So, if enterprise architecture is about people, processes then tools, in that order then how do we determine when we should marry things together and when things should be separated. So, if we were to focus on the people aspects then it would probably mean that we need to focus on poor people management which spreads without conscious effort and can slowly poison others.

Poor managers are poor managers for a reason: fear, distrust, ignorance, etc. Over time, they will actually make decisions that increase these qualities in other people they deal with. This is apparent in most interactions with coworkers, but is exceptionally apparent in personnel decisions, with poor managers hiring, promoting, and otherwise rewarding subordinates with dysfunctions that complement their own. The classic example is trusting only a "yes-man", who will agree with every decision you make regardless of the quality of the decision itself.

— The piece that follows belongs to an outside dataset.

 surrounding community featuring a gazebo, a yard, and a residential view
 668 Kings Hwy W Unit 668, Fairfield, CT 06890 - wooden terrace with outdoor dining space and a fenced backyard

In addition to rewarding and spreading mismanagement, this will also drive out motivated, conscientious intelligent workers, who will at some point realize it makes more sense to focus on organizational change management over committing to other business-oriented strategies. Through this phenomena, an organization can actually get less competent over time, even with other inputs (size, revenue, business climate, etc.) remaining constant.

Mismanagement can destroy an entire organization, but it can happen so slowly that the managers might not notice it or are likely to misunderstand why the organization is failing. So the feedback loop is not very tight, and they can either avert their gaze from the growing problem or they can find scape goats.